Incrível como a vida de Cleusa, marcada por perdas e superações, reflete a força de uma planta que brota do barro. Nascida em uma família humilde, enfrentou a morte do filho, a luta diária por sustento e, ainda assim, manteve um sorriso que irradiava fé e otimismo.
Ela era a própria personificação da lótus: pureza que emerge da sujeira. Casada por quase cinquenta anos com Norberto, mãe dedicada de Vânia e Vitor, trabalhava lavando uniformes para garantir a educação do filho, e jamais deixou que as sombras apagassem sua luz interior.
O que dizem os especialistas sobre o luto e a simbologia da flor de lótus?
Psicólogos afirmam que associar o luto a símbolos de renovação pode acelerar a cicatrização emocional. Segundo a Dra. Helena Ramos, da Universidade de São Paulo, a imagem da lótus ajuda a transformar a dor em crescimento pessoal, funcionando como âncora visual para quem enfrenta a perda.
- Data de falecimento: 10/04/2025, Santos (SP)
- Idade: 78 anos
- Principais valores: fé, generosidade, resiliência
- Legado: inspiração para filhos e netos, símbolo de luz familiar
A lótus, na tradição oriental, simboliza pureza, iluminação e a capacidade de florescer mesmo nas águas mais turvas. Assim como Cleusa, que encontrou força nas adversidades, a flor se abre ao sol, espalhando energia que reflete a própria essência da sogra.
Como o último abraço transformou a memória da família?
O último abraço foi um ato de despedida que selou um pacto de amor eterno. No leito hospitalar, Cleusa segurou Vitor e Vânia, transmitindo tranquilidade e confirmando que sua luz permaneceria viva nos corações que a amavam.

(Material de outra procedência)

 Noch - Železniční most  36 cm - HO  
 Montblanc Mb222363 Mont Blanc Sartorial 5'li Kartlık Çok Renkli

O velório, realizado na capela da Santa Casa de Santos, foi marcado por lágrimas, coroas e palmas que celebravam uma vida de bondade. O caixão branco, escolhido por Vitor, simbolizou a pureza da lótus, reforçando a mensagem de que da lama nasce a beleza.
Um ano depois, a família ainda sente a presença luminosa de Cleusa nas pequenas rotinas. Vitor visita o cemitério da Filosofia todos os domingos, e a neta Guilherme desenha lótus nas paredes da casa, mantendo viva a energia que ela deixou.
Como manter viva a luz de Cleusa no cotidiano?
- Acender uma vela branca nas datas comemorativas em sua memória.
- Plantio de lótus ou flores aquáticas no jardim como símbolo de renovação.
- Compartilhar histórias de sua generosidade nas redes sociais.
- Praticar atos de bondade inspirados em seu exemplo.
Na cultura brasileira, a figura da avó ou sogra sábia costuma ser associada ao pilar da família. Cleusa rompeu esse estereótipo ao ser lembrada como ponte, nunca como muro, reforçando a importância de perdoar e amar sem reservas.
Assim, a "lótus‑Cleusa" permanece como espécie rara, cultivada nos corações que aprenderam a transformar sofrimento em luz. Seu legado demonstra que, mesmo após a partida, a energia positiva pode iluminar caminhos e inspirar gerações.